During the 2005–06 season, Engel Junior coached ŁKS Łomża and achieved promotion to the second tier with them.

However, in the following seasons, due to conflicts with the club's management, he left the team early in the following season. On 14 August 2006, he was appointed the new coach of Polonia Warsaw, replacing the dismissed Andrzej Wiśniewski. His tenure at Polonia lasted until 23 October 2006, when he was replaced by Waldemar Fornalik. On 4 July 2007, Engel Jr. returned to coach Radomiak, which was then competing in the fourth tier.

====Corruption scandal====
Engel Jr. was arrested by the Central Anti-Corruption Bureau for alleged involvement in football-related corruption during the 2003–04 third division season. He was later released on a 30,000zł bail. He was close friends with Andrzej Blacha and Dariusz Wdowczyk both of whom were also heavily involved in the corruption scandal. On 5 June 2008, Engel Jr. denied the charges at a press conference, asserting his innocence and commitment to fair play.

====Non-managerial positions====
Engel Jr. was sports director at Polonia, as well head of scouting during the club's rebuilding in 2015 when his father was planning to take over the club.

He was offered running the Anorthosis Famagusta youth academy in October 2010. In the summer of 2012, he became technical director of APOEL Nicosia's youth academy. during his time there APOEL earned a tie with Real Madrid in the 2011–12 UEFA Champions League.
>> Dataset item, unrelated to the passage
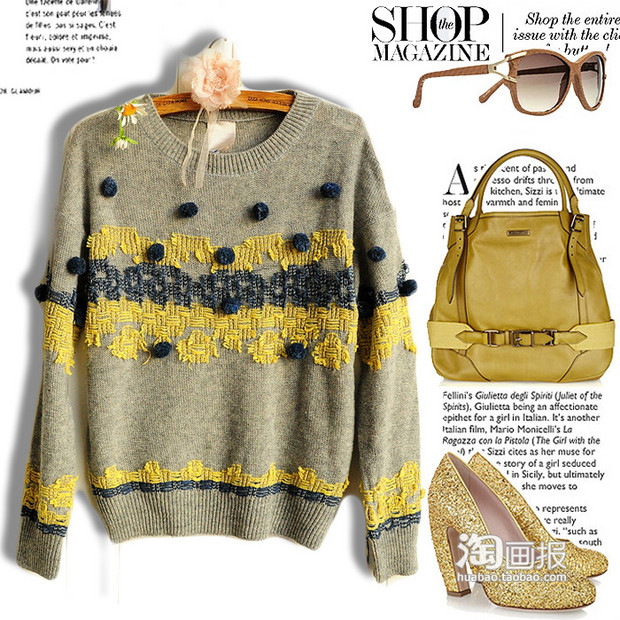 Bạn ái ngại những cơn gió lạnh sẽ làm hỏng buổi tối đi chơi vui vẻ của mình? Vậy thì style này là gợi ý tuyệt vời. Sự kết hợp giữa áo len bông xinh xắn, giày cao gót lấp lánh, túi xách sành điệu sẽ tạo cho bạn phong thái của một quý cô thời thường, cực kỳ đáng yêu. (Ảnh: HB) Bạn ái ngại những cơn gió lạnh sẽ làm hỏng buổi tối đi chơi vui vẻ của mình? Vậy thì style này là gợi ý tuyệt vời. Sự kết hợp giữa áo len bông xinh xắn, giày cao gót lấp lánh, túi xách sành điệu sẽ tạo cho bạn phong thái của một quý cô thời thường, cực kỳ đáng yêu. (Ảnh: HB)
====Sentencing for involvement in match-fixing====
In December 2013, the District Court in Kielce found him guilty of rigging matches in favor of Korona Kielce during the 2003–04 season. Engel Jr. received an 18-month suspended sentence and a three-year probation period, along with a ban from professional football activities. Despite his continued denials the court ruled that he played a key role in the corruption scheme, facilitating bribes between coaches and referees. The verdict was not final, and he continued his coaching career until the court's decision. Investigators subsequently requested the suspension of his coaching license.

====Return====
Engel Jr. made a comeback to football after the four-year ban in January 2021, when he regained his coaching license. and was subsequently hired by Mazowsze Grójec. However his tenure was unsuccessful as the club was relegated from the fifth tier.

After a subsequent stint at KS Warka, he returned to Mazowsze once more on 1 December 2022.
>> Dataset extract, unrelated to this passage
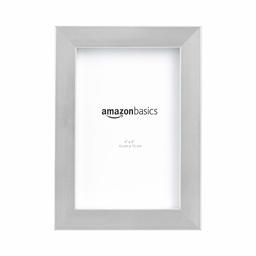 AmazonBasics – Marco para fotos, 10 x 15 cm, Níquel, Pack de 2 uds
On 1 July 2025, Engel was appointed sporting director of sixth tier side Narew Ostrołęka.

==Personal life==
Jerzy Engel Jr. is the son of international footballer manager Jerzy Engel.

He attended school in Cyprus whilst his father managed Apollon Limassol, APOP Paphos and New Salamis.

In November 2017, Engel Jr. alongside his father, achieved a notable betting record at the Służewiec horse racing track, where together they won 140,000zł during the races, setting an all-time record for the venue.